KIRCAALİ YAKININDA BULUNAN TARİHİ PERPERİKON KALESİNDE EŞSİZ NESNELER BULUNDU



Cuma, 12 Ekim 2007

KIRCAALİ YAKININDA BULUNAN TARİHİ PERPERİKON KALESİNDE EŞSİZ NESNELER BULUNDUArtık 8 yıldır profesör Nikolay Ovçarov'un başında olduğu arkeologlar ekibi, Doğu Rodoplar'da yer alan Perperikon isimli kutsal şehirde araştırmalar yapıyorlar. Burası, henüz M.Ö 5. binyılın sonunda ve 4.binyılın başında ibadet yeriydi.

Sofya'da verilen basın toplantısında Nikolay Ovçarov, Perperikon'un üç gelişme dönemi ile ilgili üç eşsiz bulguyu gösterdi. Arkeoloji uzmanına göre onların en eskisi, Truva savaşı döneminden kalmadır.
"M.Ö 13.-12. yüzyıldan kalma bir kılıç söz konusudur. Çok iyi korunmuş ve çok kaliteli bronzdan yapılmış bu kılıcın sapı kırıktır. Truva savaşı bu tür kılıçlarla yürütüldü. Sapının kırık olması iki anlama gelebilir: Birincisi çatışma sırısında kırılmış olabilir ve ikincisi de putperest törenlerinde olduğu gibi bilerek kırılmış olabilir. Putlara tapıldığı yerlerde çok değerli armağanlar bırakılıyordu, oysa kılıç o dönemin insanları için son derece değerli bir şey idi. Bizim ekipte çalışan prehistorik dönem uzmanlarına göre Bulgaristan topraklarında bundan önce bu türden diğer iki kılıç bulunmuştur. Yani çok nadir ve ilginç bir nesnedir bu" diyen profesör Ovçarov, yaptığı kazılar sırasında altın aramadığını da ekliyor. Ovçarov'a göre M.Ö 10. yüzyıla ait insan vücüdü andıran küçük seramik figür, ne kadar kaba işlenmiş olsa ve sanat açısından ilgi çekmese de altın hazineden daha değerli olabilir.
"Bütün figürün delikli olduğu dikkat çekiyor. Anlaşılan ölümcül bir hastalık söz konusudur. Ya çiçek hastalığı ya da veba hastalığı, bilmiyorum.
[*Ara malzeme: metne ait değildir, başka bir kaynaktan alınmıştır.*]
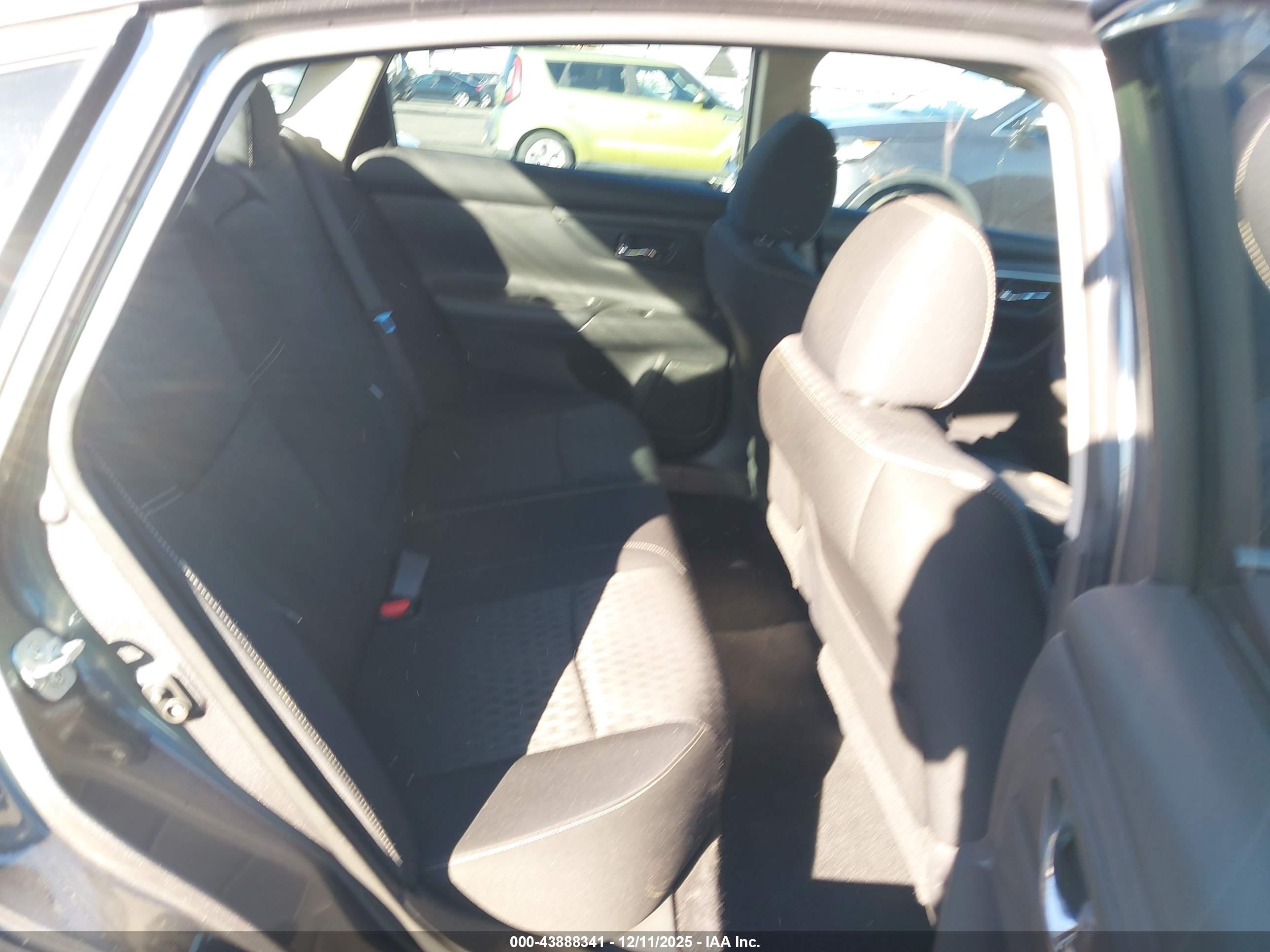 NISSAN ALTIMA image 8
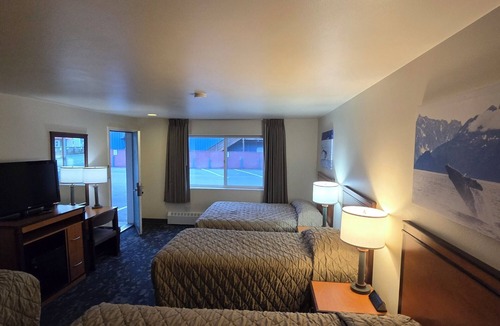 Seward Hotel | Breeze Inn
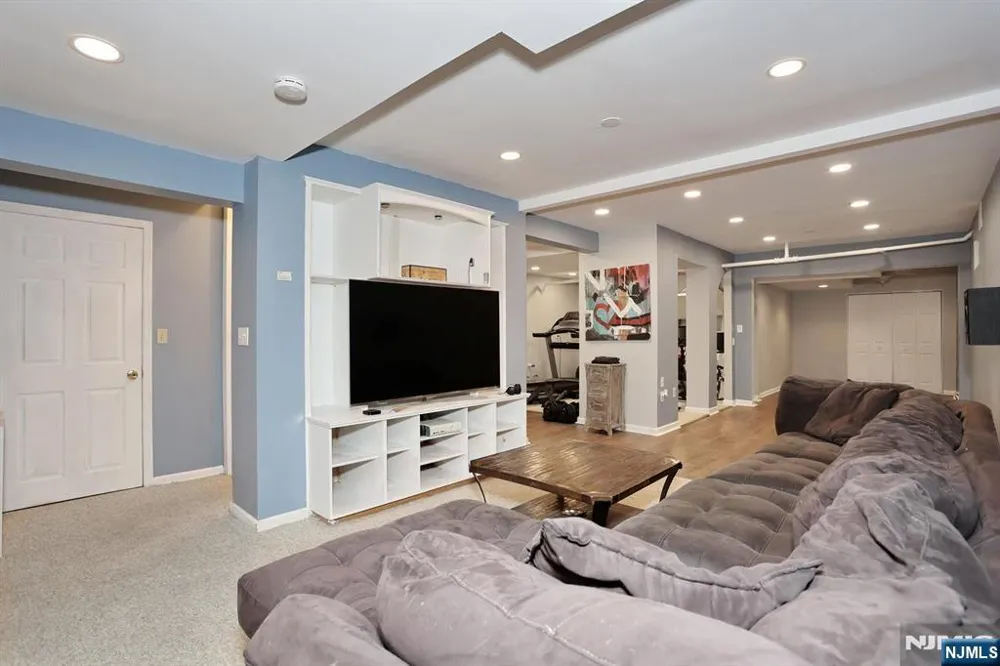 8 Northgate Park Ringwood, NJ 07456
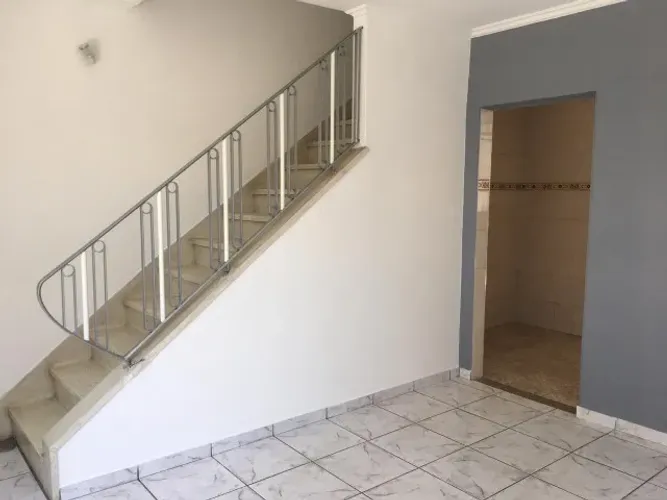 Excelente Apto de Dois Quartos tipo Casa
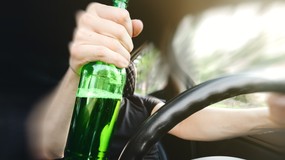 Posłowie wypowiadają wojnę pijanym kierowcom. choćby 500 tys. nawiązki za jazdę na podwójnym gazie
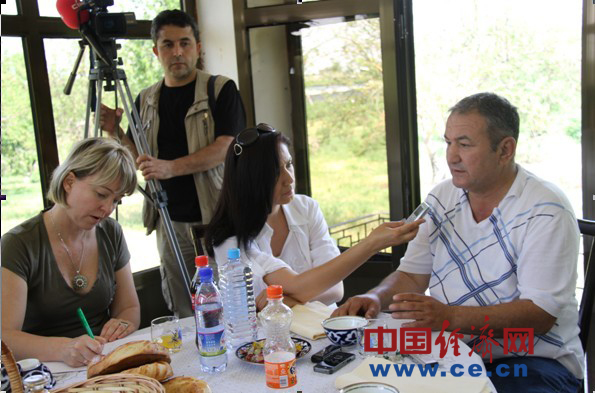 Узбек, специализирующийся на выращивании роз, рассчитывает на сотрудничество с китайскими партнерами 1 Узбек, специализирующийся на выращивании роз, рассчитывает на сотрудничество с китайскими партнерами 1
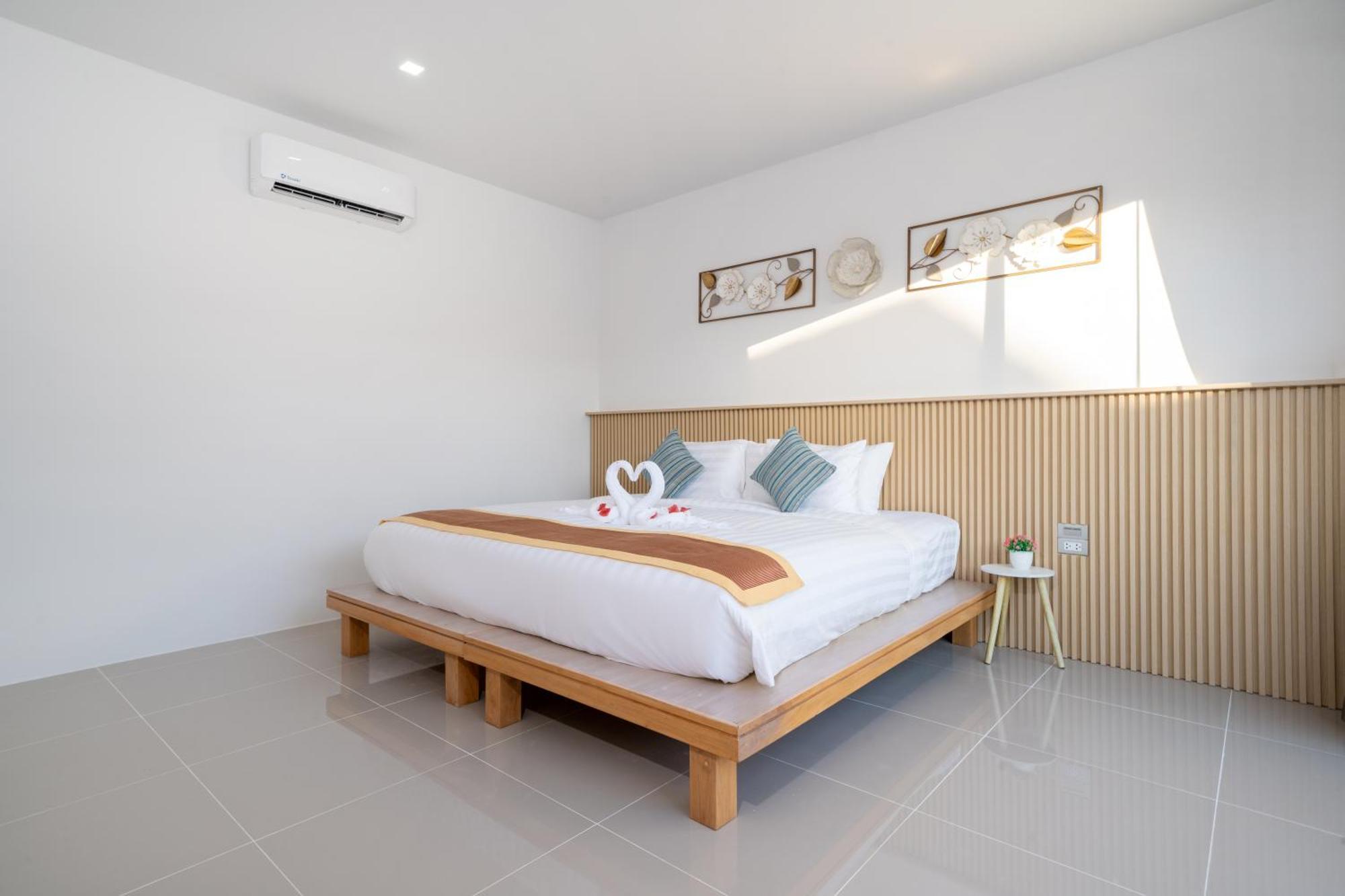 Andaman Time Beachside Pool 5* Chalong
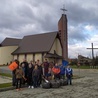 Parafia w Śwniarsku pomaga misjom w nakrętkowej akcji.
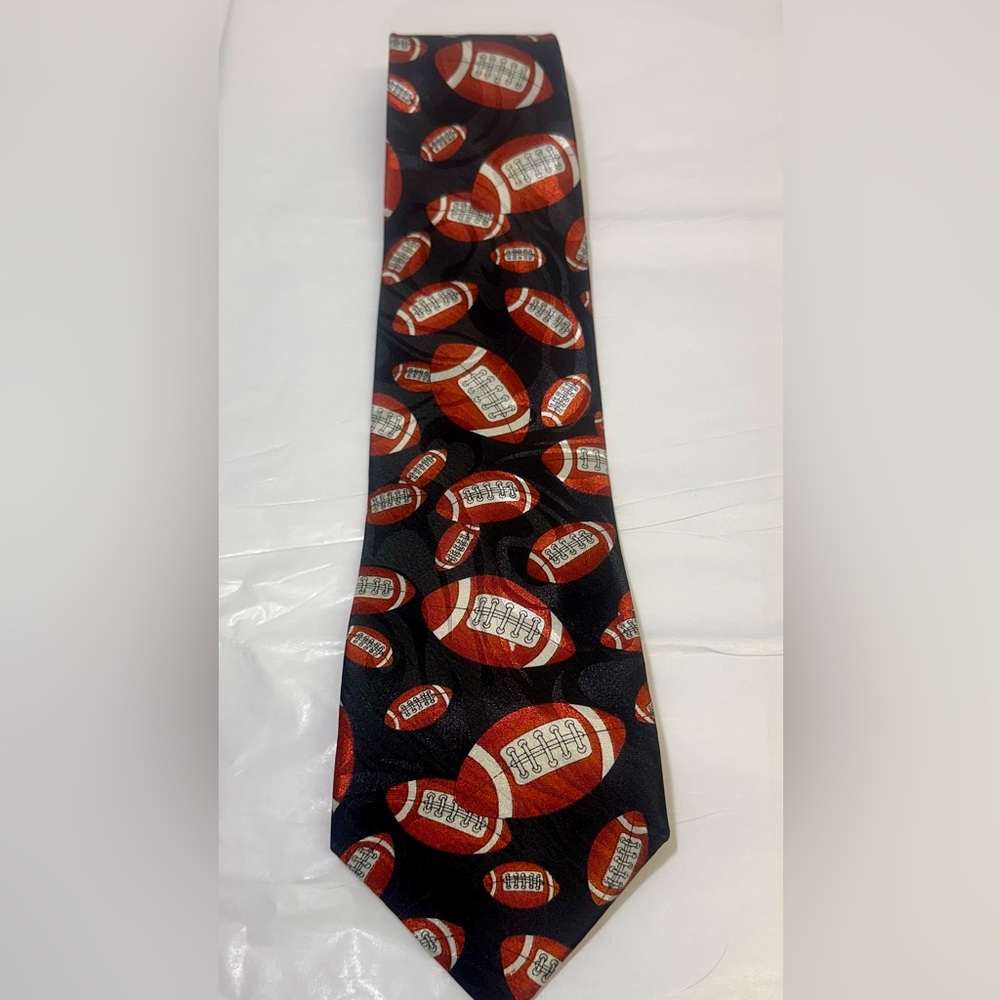 Beverly Hills Polo Club Mens Necktie Novelty Football Sports‎ Theme Black Brown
Anlaşılan hastalığın hasta bedenden heykelciğe geçmesi için büyü yapıldı. Bundan önce de bizde, bizim kazılarda dahil, bu tür figürler bulunmuştu, ancak ilk defa İlah figürü değil, insanların kaderini değiştirebileceklerine inandıkları bir törende kullanılan bir figür söz konusudur" diyen profesör Ovçarov Perperikon'da bundan kısa süre önce bulunan küçük gümüş süs eşyasının da çok değerli olduğunu ekliyor. Yüksek kaliteli gümüşten yapılmış bu süs, Bizans'lı bir soylunun kolsuz üst elbisesinin düğmesiydi. Düğmenin iki parçası bir araya gelince insan yüzü oluşuyor. Profesör Ovçarov, bu yüzün ilk bakışta kaba olmasına ve Barbar usulünde işlenmiş olmasına rağmen İsa'nın yüzü olduğunu söylüyor.